J'avais 27 ans quand j'ai rencontré Françoise. C'était à un match de foot, elle était juste à côté de moi et son enthousiasme était contagieux. Moi, plutôt réservé, taciturne j'étais surpris et amusé de la voir aussi exubérante, joyeuse. Je voulais lui parler, je l'ai suivi, elle habitait à 15 kilomètres de chez moi. Ce soir, là, c'est tout, je suis rentré chez moi. Et puis, le hasard a voulu que quelques semaines plus tard, ce soit elle qui me remarque. Le coup de foudre mutuel. Tous les deux nous venions de vivre une séparation. Cette rencontre a été pour moi un moment magique, magnifique. Françoise, c'est la femme de ma vie, je l'aime plus que tout. Je voulais toujours être auprès d'elle. Dès qu'elle avait cinq minutes de retard, j'étais perdu, j'imaginais le pire. Oui, je sais, je lui faisais des reproches : où tu étais ? Qu'est-ce que tu faisais ? Mais c'était parce que je l'aimais, je l'aime ! Je ne peux pas vivre sans elle. On a eu un fils ensemble.  

 

Depuis quinze mois, Françoise est partie. Elle dit qu'elle n'en peut plus, qu'elle étouffe. Bachir me dit qu'elle m'aime toujours, qu'elle va revenir. Bachir est un voyant. J'ai eu ses coordonnées dans ma boite aux lettres. Un petit papier : « je suis Bachir, médium par clairvoyance, le son de votre voix active mes flashs, j'entends, je vois, je ressens. Mes domaines de prédilection sont la vie sentimentale et vie professionnelle, je prévois l'avenir. »

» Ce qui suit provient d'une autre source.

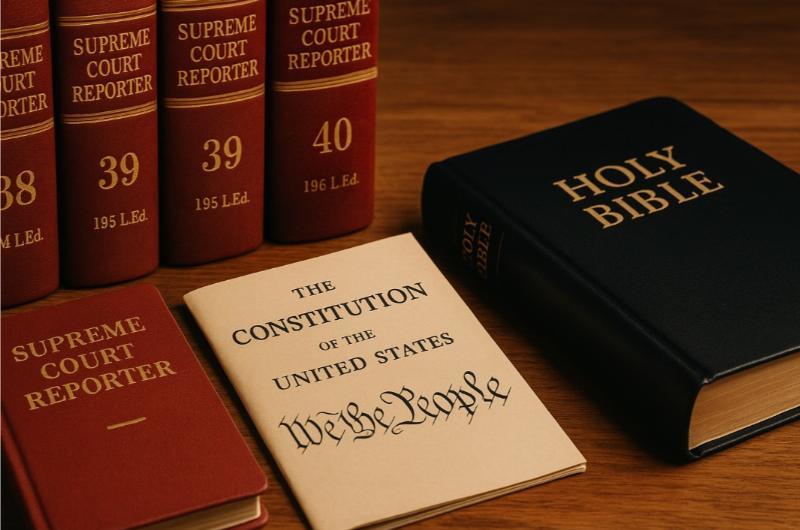 No Substitute for Defeating Evil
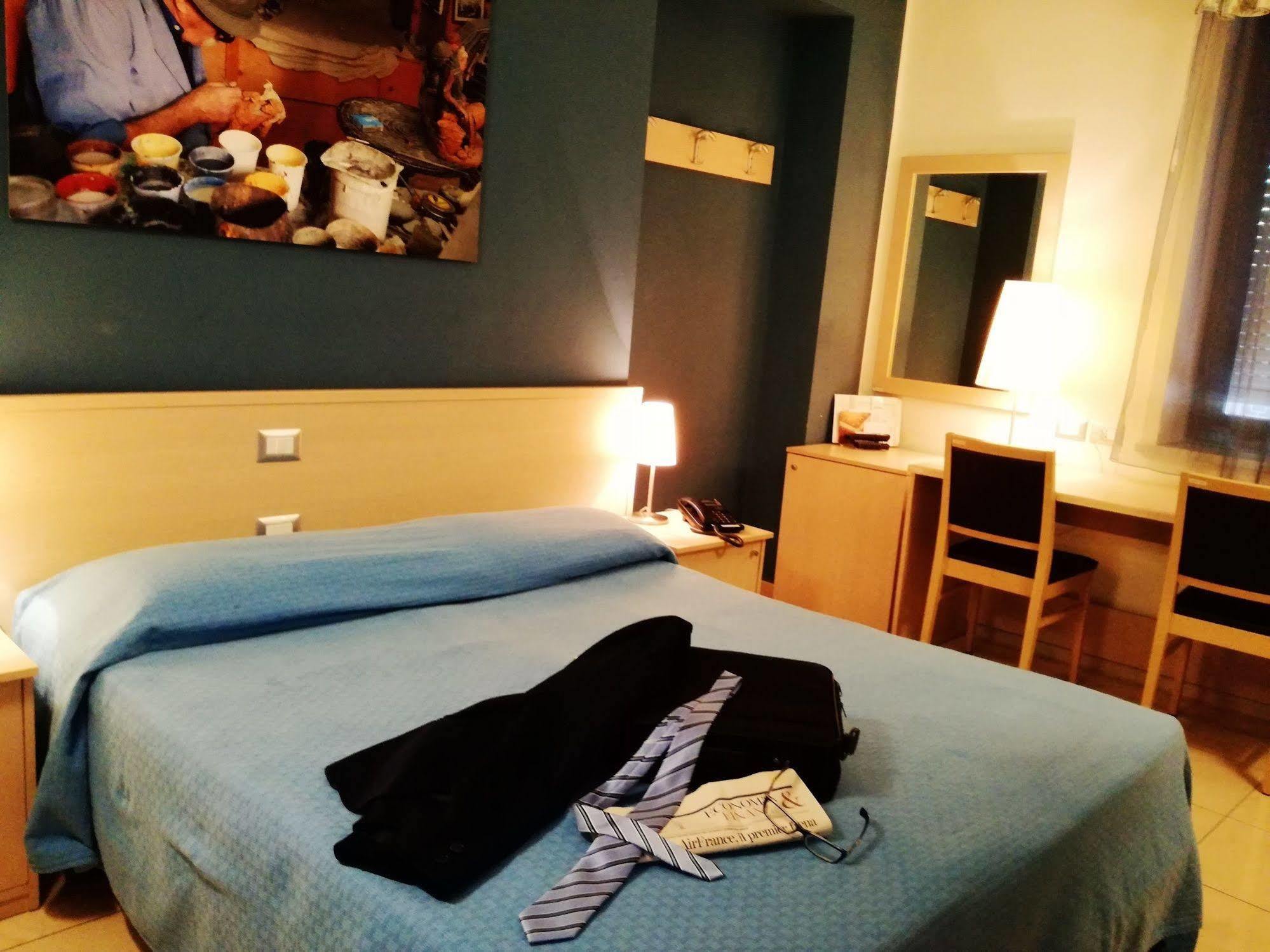 Hotel Residence Empedocle Messina Luaran gambar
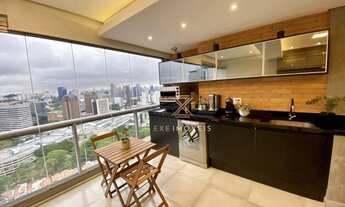 Imagem 3: Apartamento com 2 dormitórios à venda, 78 m² por R$ 1.397.000,00 - Santo Amaro - São Paulo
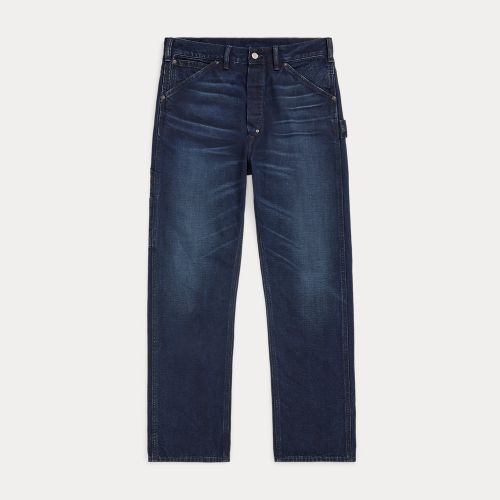 Engineer Fit Canvas Carpenter Trouser - RRL - Modalova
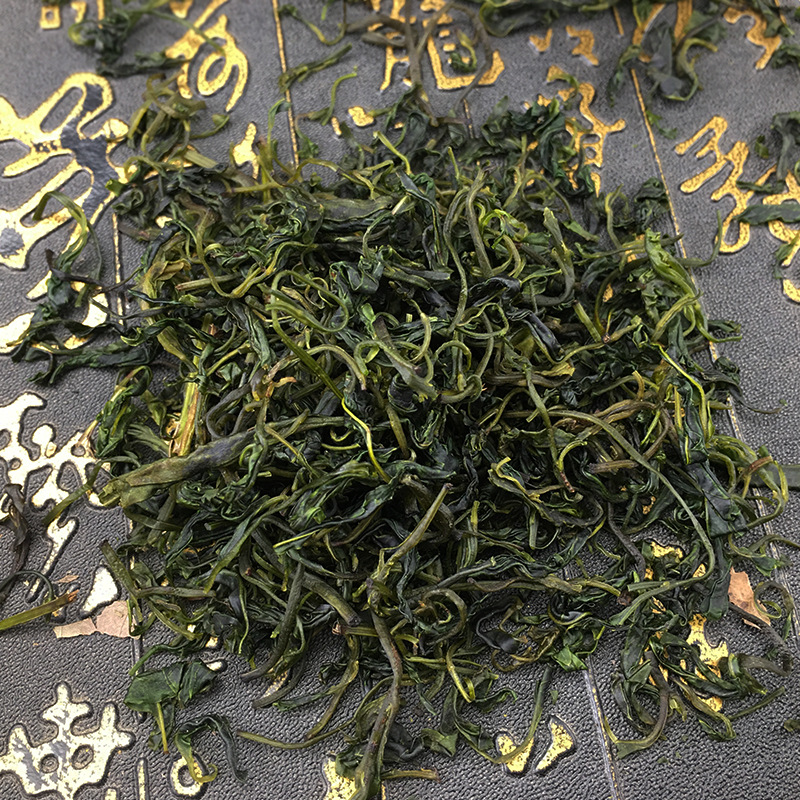 Qing Shan Lu Shui Green Buds Herbal Tea Mao Dong Young Leaf Kuding Loose Tea 500g - Image 3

J'ai suivi tous ses conseils, j'ai fait tout ce qu'il m'a dit, je lui ai versé des sommes folles. Il me dit toujours qu'elle va revenir, qu'elle pense toujours à moi, qu'elle regrette son départ. Elle a simplement peur que je ne veuille plus d'elle.

 

Cette nuit encore je me réveille en sueur, mon cœur bat à toute vitesse, palpitations cardiaques, c'est ce que m'a dit mon médecin, je ne peux pas respirer, je suffoque, je suis angoissé, je deviens fou, je pleure, je ne peux plus rester dans mon lit, il faut que je fasse quelque chose, n'importe quoi, que je bouge. Je monte dans ma voiture, pourquoi j'ai pris mon fusil ? Je roule machinalement, sans but, je n'ai rien décidé, je roule comme ça, pour ne penser à rien, mais j'arrive dans sa rue, tout près de sa maison, il y a de la lumière, je m'arrête, je descends, j'attends, je guette.

 

Deux jours plus tard je suis en garde à vue, je suis accusé de meurtre. Non, c'est pas moi ! ça peut pas être moi, je l'aime trop.